Under California law, theft crimes cover a wide array of offenses. What they all share is all theft offenses involve taking the personal property of another without consent and with the intention to deprive the owner of their possessions.

Each different category of theft, however, differs both in its own particular definition and in the possible penalties that may arise from it. Theft crimes can fall into one or more of six categories, petty theft, burglary, grand theft, robbery, embezzlement, and receiving stolen property.

How is it Determined into Which Category Each Crime of Theft Falls?

If you have wrongfully taken someone else’s property which is valued at $950 or less, you have committed the crime of petty theft. Burglary is defined as entering a structure or vehicle with the intent to commit petty or grand theft.

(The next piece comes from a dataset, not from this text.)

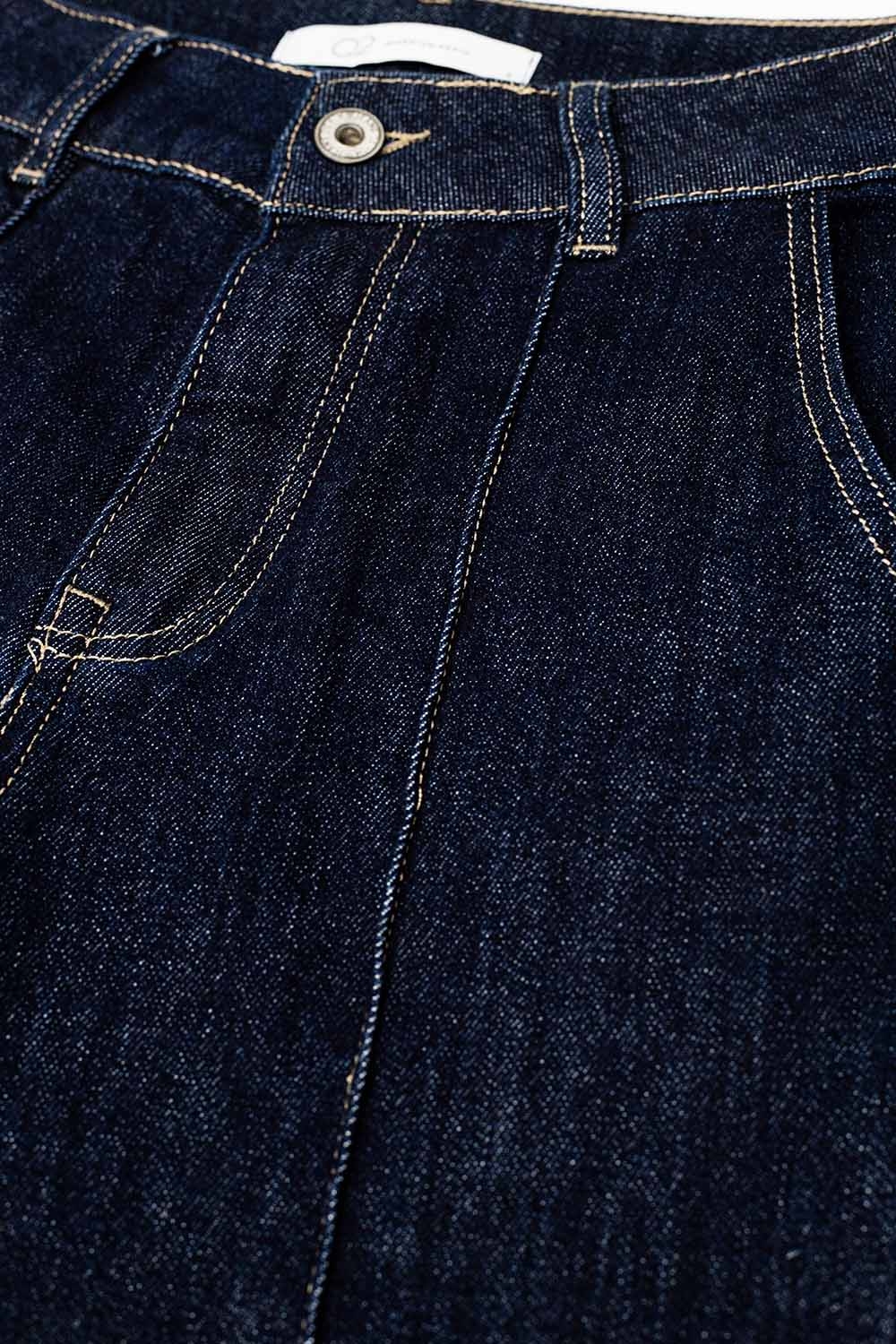Vaqueros rectos largos azul oscuro con pespunte de contraste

Grand theft is similar to petty theft, with the difference being the value of the property taken is $950 or greater. Grand theft also comes with its own subcategories, such as grand theft auto (stealing a car). Robbery is taking or intending to take the property of someone else within their immediate presence, using force or the threat of force. Embezzlement is when someone misuses or takes personal property that has been entrusted to them by someone else. The last type of theft is receiving stolen property. To be guilty of this offense, a person must buy, conceal, receive, or sell property they know to be stolen.

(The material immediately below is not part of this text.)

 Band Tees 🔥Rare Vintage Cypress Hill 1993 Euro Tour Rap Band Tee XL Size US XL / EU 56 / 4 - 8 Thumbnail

While a crime may fall neatly into one of these categories, they often fit more than one. For example, if you buy a gun you know to have been stolen, and then force someone to give you their car at gunpoint, you have committed the crimes of receiving stolen property, robbery, and grand theft auto.

How Serious is Each Category of Theft?

Petty theft is the least serious of the offenses and is always classified as a misdemeanor. Grand theft, burglary, receiving stolen property, and embezzlement are all wobbler crimes and can be charged as either felonies or misdemeanors, depending on the circumstances of the crime and any past criminal history of the accused. Robbery is the only one of these theft crimes that is always a felony.

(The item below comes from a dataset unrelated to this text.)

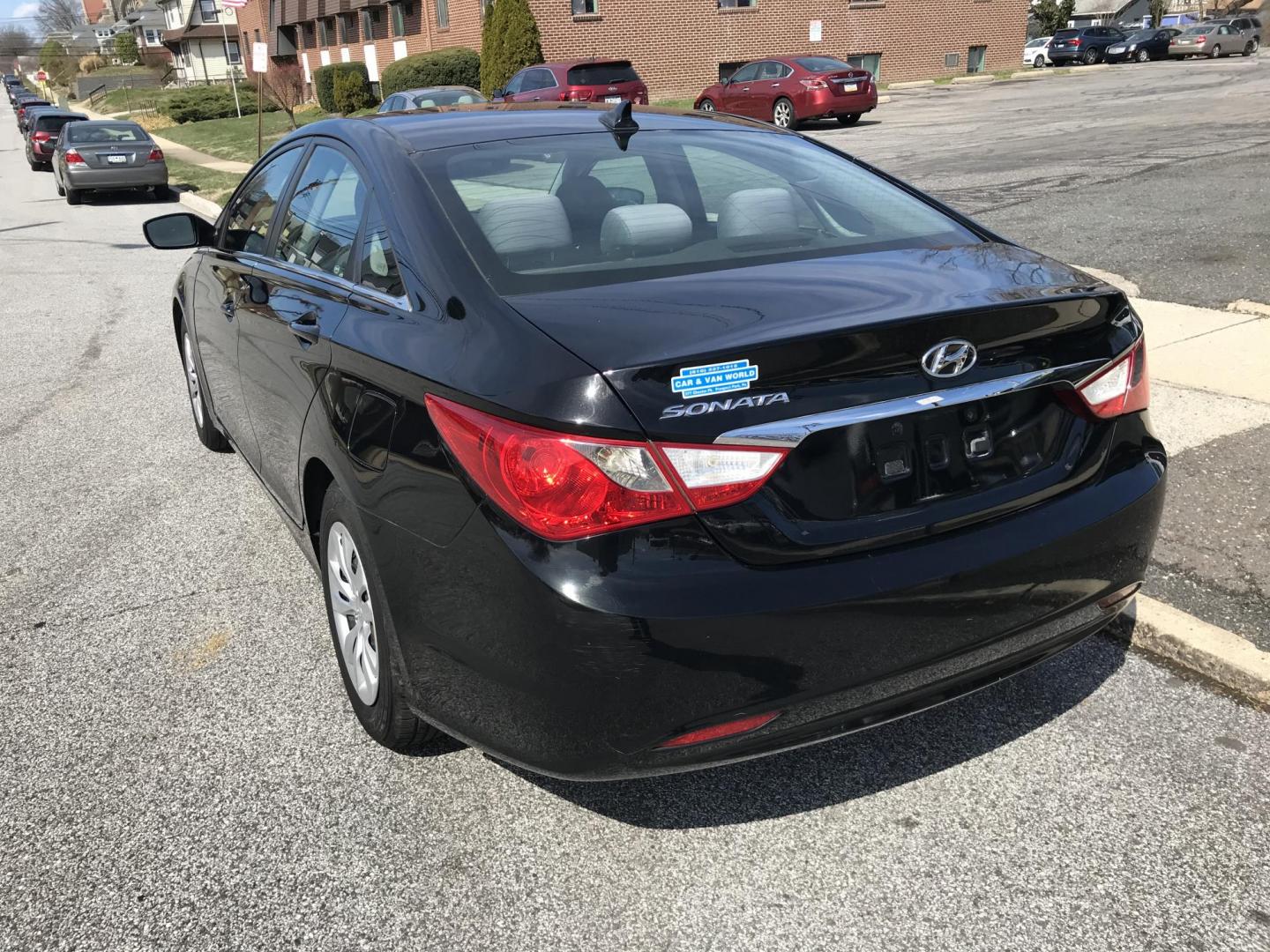 2011 Black /Gray Hyundai Sonata GLS Auto (5NPEB4AC7BH) with an 2.4L L4 DOHC 16V engine, 5-Speed Automatic transmission, located at 577 Chester Pike, Prospect Park, PA, 19076, (610) 237-1015, 39.886154, -75.302338 - Photo#6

Generally, for the five wobbler offenses, the deciding factor that determines if it is a misdemeanor or felony is whether the value of what was stolen exceeds $950. Past convictions for sex or violent crimes can also cause a theft to be charged as a felony.

What Can I Do if I am Charged with Theft?

The first step is to hire a lawyer. A charge of felony theft will impact your life in numerous ways, and a good attorney is your best chance at avoiding this. They may argue you lacked intent, genuinely thought you had a right to the property you allegedly stole, or any number of other defenses.